PR Guerrilla. Facebook ammette: ‘Burson-Marsteller pagata per screditare Google’

di Alessandra Talarico |

Nuovo capitolo nella battaglia tra le due web company. Come se la caverà stavolta Facebook?

Stati Uniti


Facebook vs Google

Messo di fronte all’evidenza, Facebook non ha potuto far altro che ammettere di aver pagato una nota agenzia di Public Relations per buttare fango su Google. Il caso è emerso in seguito alle rivelazioni del quotidiano USA Today, che ha rivelato come un consulente della Burson-Marsteller – John Mercurio – avesse contattato importanti media company e tecnici di alto profilo, per conto di un ignoto cliente, per diffondere una serie di accuse, in gran parte infondate, relative alle policy sulla privacy del gigante di Mountain View. Giovedì, quindi, il blogger  Dan Lyons, di The Daily Beast, rivela: è Facebook il misterioso cliente di Burson.

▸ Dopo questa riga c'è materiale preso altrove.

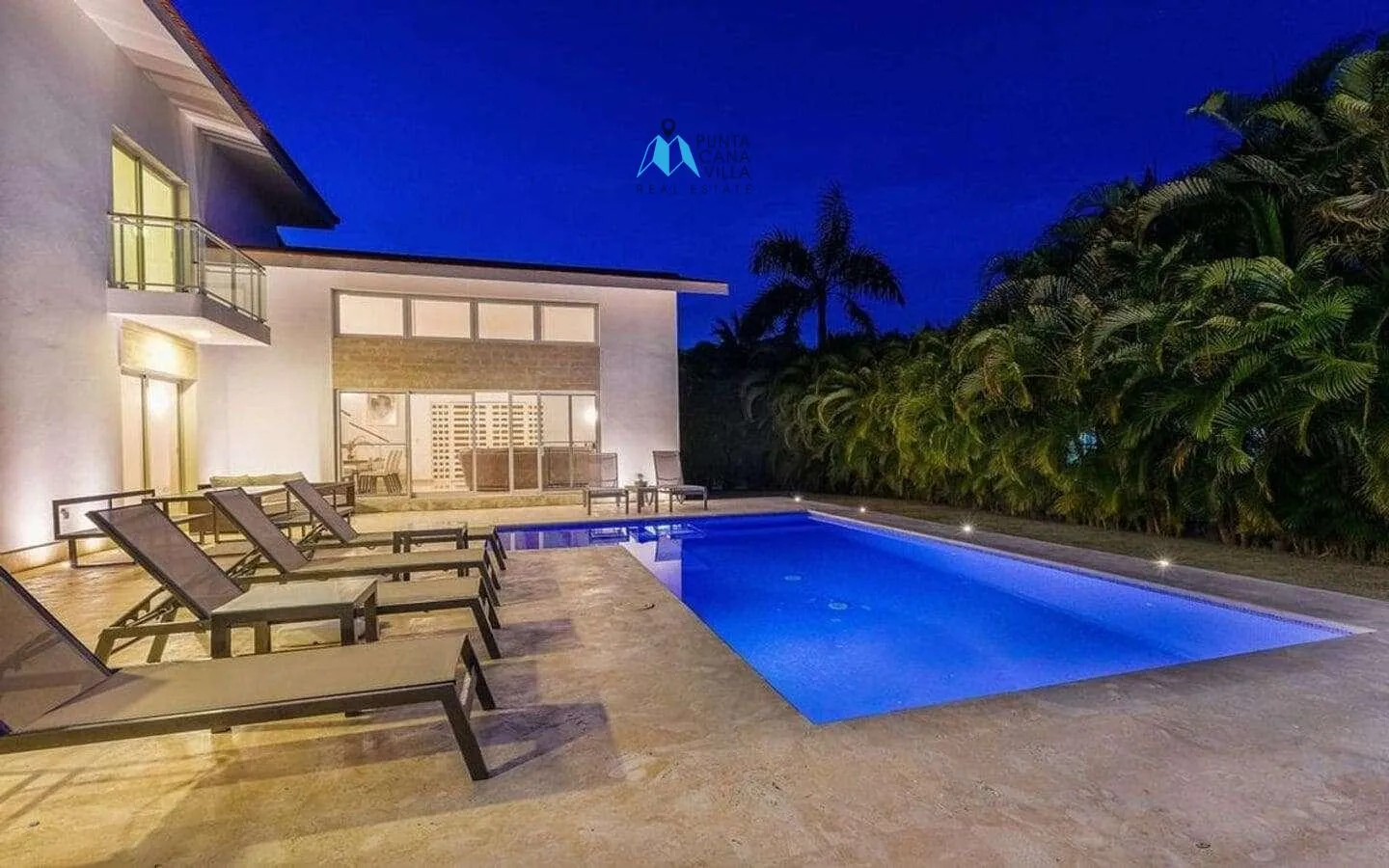 Cocotal: Modern Five Bedroom Villa For Sale In Bavaro — photo 3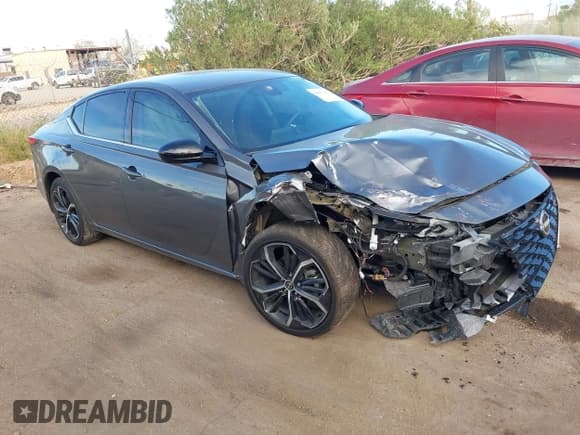 ✅ 2024 Nissan Altima SR • VIN: 1N4BL4CV4RN433194 • Lot: 43693441. Listed on IAAI with 21,754 mi. Free auction sales archive from the USA and detailed vehicle history report at DreamBid. Image 1.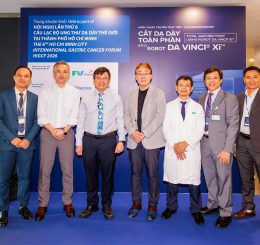 Truyền hình trực tiếp phẫu thuật cắt dạ dày bằng robot da Vinci Xi do Bệnh viện FV phối hợ...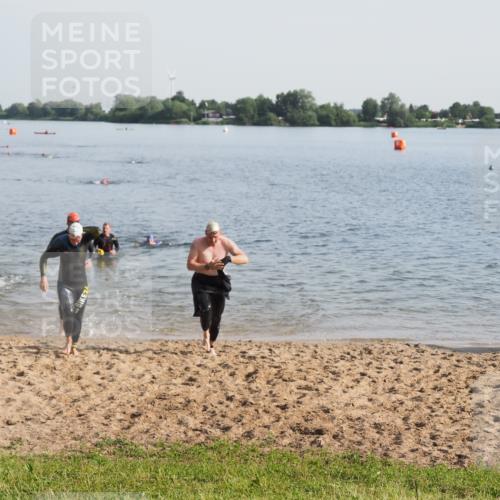 21.06.2025 - 27. Vierlanden-Triathlon MichiJ http://msf.ph/oto/7977629 15.06.2026 08:45:50 Schwimmen 13, 106, 125, 142, 150 meine-sportfotos.de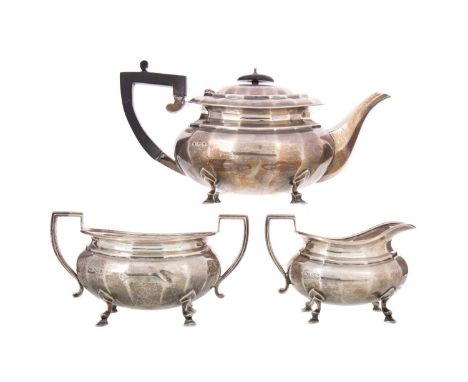 GEORGE V SILVER THREE PIECE TEA SET STEVENSON &amp; LAW, SHEFFIELD 1927 comprising teapot, sugar bowl and cream jug, each of 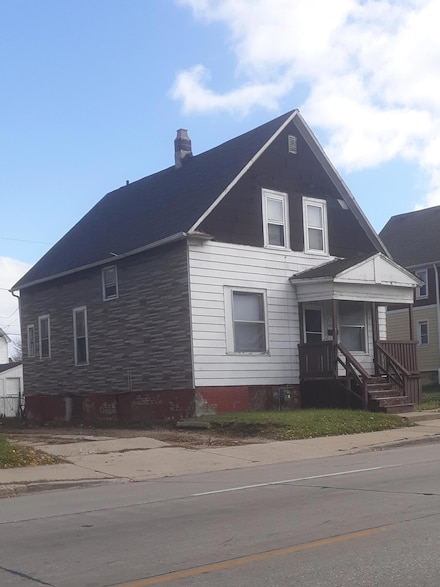 2468 N 35th St, Milwaukee, WI 53210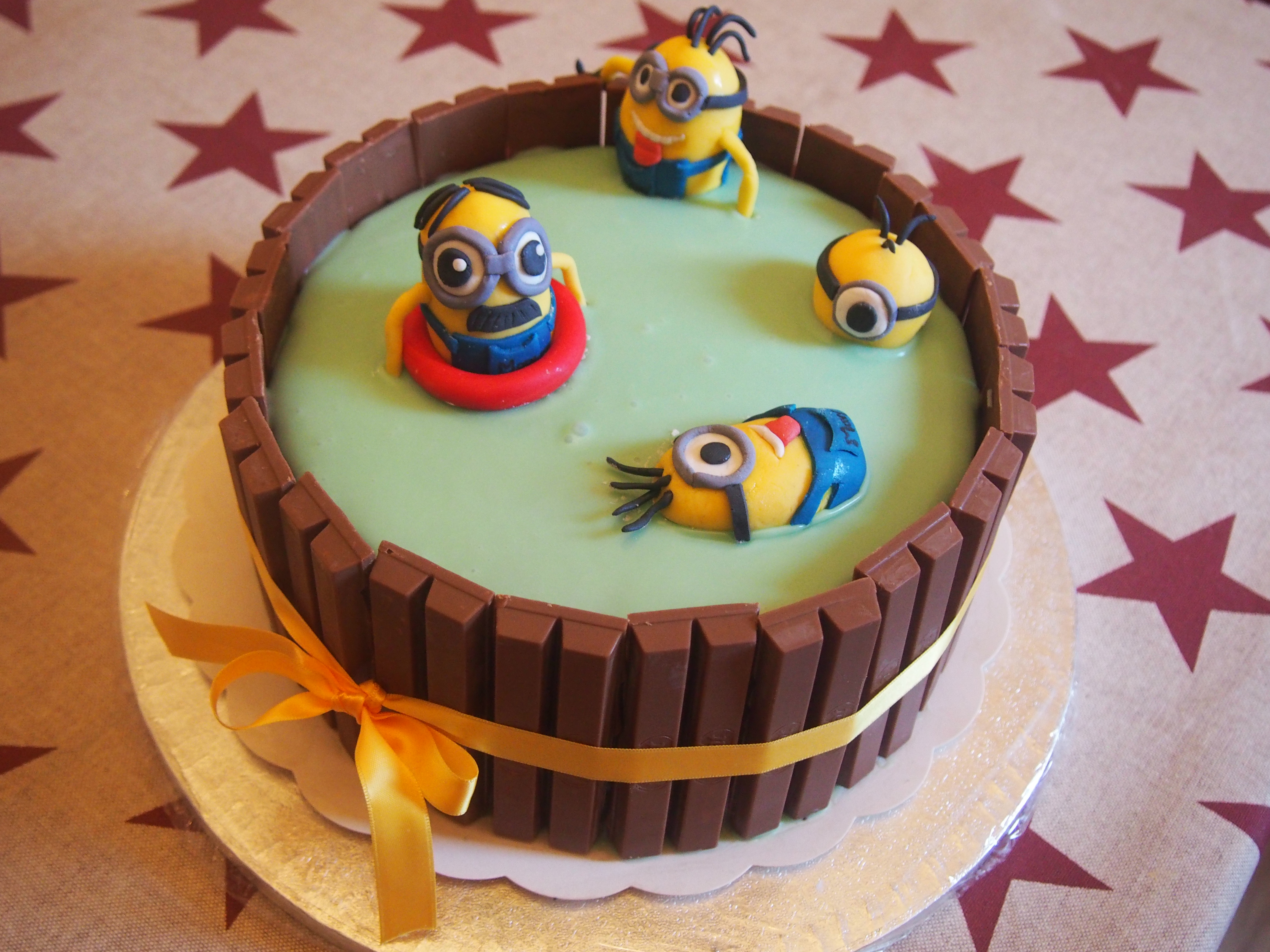 gâteau dessins animés "Minions"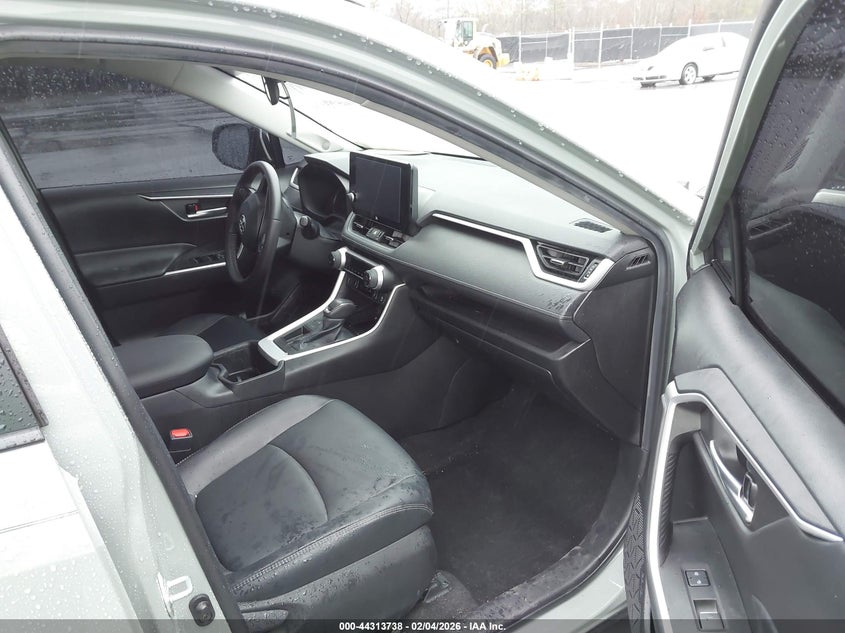 2023 Toyota Rav4 Xle Premium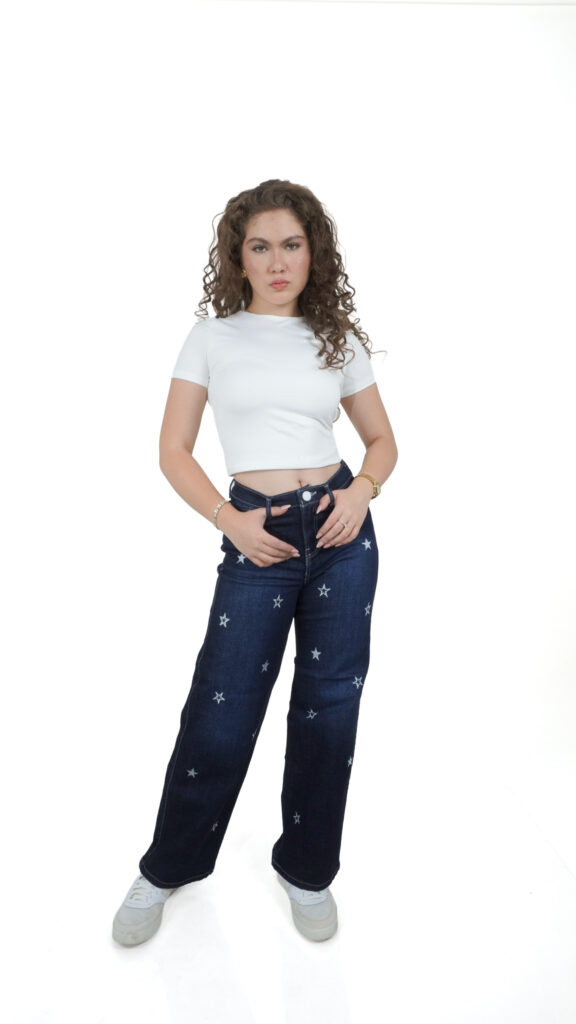pantalón de mezclilla wide leg azul oscuro para mujer con estrellas, vista de frente – Wide leg estrellas oscuro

L’agenzia, in una nota, ha spiegato che la società “non avrebbe mai accettato di svolgere questo incarico per conto di Facebook”, in quanto avrebbe violato le proprie policy e procedure, mentre Facebook ha rilasciato un comunicato per dire che “nessuna campagna denigratoria è stata mai autorizzata o prevista”.

“Abbiamo ingaggiato  Burson-Marsteller per concentrare l’attenzione sull’argomento, utilizzando informazioni pubbliche che potevano essere verificate in maniera indipendente dai media e dagli analisti”, ha spiegato il gruppo di Mark Zuckerberg, sottolineando che “i temi in questione sono seri e noi avremmo dovuto presentarli in maniera seria e trasparente”.

Sullo sfondo, la crescente battaglia tra i due giganti del web per estrarre la fetta più grossa dei profitti del mercato pubblicitario dalle informazioni fornite dai clienti.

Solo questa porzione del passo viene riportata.